ACTIVITY: Take the lines below beginning at the line that has "Hotel Olimpo Le" and stopping after the line that has "Post 2 by DJ BULLETZ on TikTok (video)", and print them exactly as they are, with no other lines.

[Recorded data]
=== Section Start ===

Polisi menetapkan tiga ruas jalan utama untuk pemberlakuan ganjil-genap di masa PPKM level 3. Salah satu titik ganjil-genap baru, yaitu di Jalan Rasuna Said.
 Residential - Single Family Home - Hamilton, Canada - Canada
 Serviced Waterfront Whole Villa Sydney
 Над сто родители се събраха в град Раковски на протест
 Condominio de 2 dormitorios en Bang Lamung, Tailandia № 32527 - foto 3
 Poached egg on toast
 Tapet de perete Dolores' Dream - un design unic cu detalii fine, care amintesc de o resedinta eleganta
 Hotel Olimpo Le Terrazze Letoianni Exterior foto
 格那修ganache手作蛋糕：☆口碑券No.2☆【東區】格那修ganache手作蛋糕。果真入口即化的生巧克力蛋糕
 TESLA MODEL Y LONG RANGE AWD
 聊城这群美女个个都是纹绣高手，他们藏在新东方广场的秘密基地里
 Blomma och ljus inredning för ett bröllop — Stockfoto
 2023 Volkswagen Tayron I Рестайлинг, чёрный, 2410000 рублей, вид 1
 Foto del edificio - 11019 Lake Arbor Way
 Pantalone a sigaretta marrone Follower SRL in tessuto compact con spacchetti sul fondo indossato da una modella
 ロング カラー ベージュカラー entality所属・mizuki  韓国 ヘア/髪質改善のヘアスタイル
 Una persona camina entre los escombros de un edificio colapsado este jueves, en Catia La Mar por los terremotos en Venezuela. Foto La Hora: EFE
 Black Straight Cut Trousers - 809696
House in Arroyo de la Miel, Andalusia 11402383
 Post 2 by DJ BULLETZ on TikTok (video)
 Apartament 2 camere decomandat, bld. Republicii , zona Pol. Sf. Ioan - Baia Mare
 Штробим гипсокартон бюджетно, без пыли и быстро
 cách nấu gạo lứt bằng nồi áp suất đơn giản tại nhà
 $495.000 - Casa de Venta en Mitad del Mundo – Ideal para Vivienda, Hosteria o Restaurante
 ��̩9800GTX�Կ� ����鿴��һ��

=== Section End ===

TASK ANSWER:
 Hotel Olimpo Le Terrazze Letoianni Exterior foto
 格那修ganache手作蛋糕：☆口碑券No.2☆【東區】格那修ganache手作蛋糕。果真入口即化的生巧克力蛋糕
 TESLA MODEL Y LONG RANGE AWD
 聊城这群美女个个都是纹绣高手，他们藏在新东方广场的秘密基地里
 Blomma och ljus inredning för ett bröllop — Stockfoto
 2023 Volkswagen Tayron I Рестайлинг, чёрный, 2410000 рублей, вид 1
 Foto del edificio - 11019 Lake Arbor Way
 Pantalone a sigaretta marrone Follower SRL in tessuto compact con spacchetti sul fondo indossato da una modella
 ロング カラー ベージュカラー entality所属・mizuki  韓国 ヘア/髪質改善のヘアスタイル
 Una persona camina entre los escombros de un edificio colapsado este jueves, en Catia La Mar por los terremotos en Venezuela. Foto La Hora: EFE
 Black Straight Cut Trousers - 809696
House in Arroyo de la Miel, Andalusia 11402383
 Post 2 by DJ BULLETZ on TikTok (video)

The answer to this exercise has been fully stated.